Thanks Wolfgang and Jerome, I have a simple workaround which I should have tried to start with. Your answers reminded me that when I did my custom icons I ended up having to do them in Assembly and linking them in. It turns out that this is actually easier and great so that I can share the files between different QDT modules.

I am now using the default system icons in over half of QDT and should have the rest converted and tuned by tomorrow night. It was exactly as you illustrated, Jerome. Simply a 0 byte and then the icon number in the next byte - with a C pointer to the location of byte 0 (just as Marcel documented the new sprite formats, of course :) ).

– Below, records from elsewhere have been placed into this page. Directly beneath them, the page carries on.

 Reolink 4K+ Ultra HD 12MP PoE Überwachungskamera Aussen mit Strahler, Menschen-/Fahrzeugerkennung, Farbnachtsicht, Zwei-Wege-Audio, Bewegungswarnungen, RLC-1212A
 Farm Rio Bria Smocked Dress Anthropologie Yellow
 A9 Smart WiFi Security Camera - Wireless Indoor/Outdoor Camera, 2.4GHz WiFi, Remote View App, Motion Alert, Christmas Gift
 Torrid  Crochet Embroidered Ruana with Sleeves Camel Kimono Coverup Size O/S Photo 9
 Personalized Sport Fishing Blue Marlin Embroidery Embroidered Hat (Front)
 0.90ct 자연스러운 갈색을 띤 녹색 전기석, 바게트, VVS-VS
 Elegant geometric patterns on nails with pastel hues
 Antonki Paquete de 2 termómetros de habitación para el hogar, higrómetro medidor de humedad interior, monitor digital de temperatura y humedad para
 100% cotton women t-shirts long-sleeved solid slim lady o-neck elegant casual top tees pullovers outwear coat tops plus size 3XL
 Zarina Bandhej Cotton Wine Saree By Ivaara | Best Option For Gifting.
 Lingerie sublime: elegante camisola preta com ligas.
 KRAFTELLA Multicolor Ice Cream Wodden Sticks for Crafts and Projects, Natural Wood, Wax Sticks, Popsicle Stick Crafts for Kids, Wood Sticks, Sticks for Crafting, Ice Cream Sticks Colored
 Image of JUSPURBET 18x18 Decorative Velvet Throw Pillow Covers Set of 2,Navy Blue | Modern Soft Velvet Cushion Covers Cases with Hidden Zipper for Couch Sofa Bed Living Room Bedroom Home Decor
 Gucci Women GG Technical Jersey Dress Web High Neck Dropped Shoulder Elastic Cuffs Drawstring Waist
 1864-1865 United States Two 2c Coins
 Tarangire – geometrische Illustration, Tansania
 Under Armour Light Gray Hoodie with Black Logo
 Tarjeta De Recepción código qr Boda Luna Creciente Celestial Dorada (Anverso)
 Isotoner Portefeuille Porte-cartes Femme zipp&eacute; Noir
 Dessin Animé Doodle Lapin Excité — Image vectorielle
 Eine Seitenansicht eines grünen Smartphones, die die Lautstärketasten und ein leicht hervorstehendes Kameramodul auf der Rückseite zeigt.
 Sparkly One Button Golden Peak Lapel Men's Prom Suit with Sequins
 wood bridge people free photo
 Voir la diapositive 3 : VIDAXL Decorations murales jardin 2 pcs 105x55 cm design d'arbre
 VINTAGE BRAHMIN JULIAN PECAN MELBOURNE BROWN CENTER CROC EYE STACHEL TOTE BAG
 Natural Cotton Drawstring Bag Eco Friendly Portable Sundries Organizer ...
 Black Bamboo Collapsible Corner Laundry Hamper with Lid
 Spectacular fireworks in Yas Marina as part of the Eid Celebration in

Again, thanks for the help. These new icons do really help the appearance!

Cheers,
jim


On Sep 21, 2004, at 7:28 AM, Wolfgang Lenerz wrote:

On 21 Sep 2004 at 2:40, James Hunkins wrote:
(...)


It just feels that I am missing a pointer between C68 and the new
stuff. I am guessing that persistent the red X icon indicates that the
system call could not find the one that I want.


Yes, that is correct - the red X indicates that the pointer environment
didn't recognize the system sprite you
were trying to have it draw -but it does understand that you are trying to
draw a system sprite.
Typically, that means that you are trying to draw a system sprite with a
number higher than 39, or a negative number.


If you wish, could you build a very small test application (where you have
the problem) and send it to me - I could try to find out what happens (but
please send the compiled version + the source).


Oh, and what version of smsq/e are you using? !!!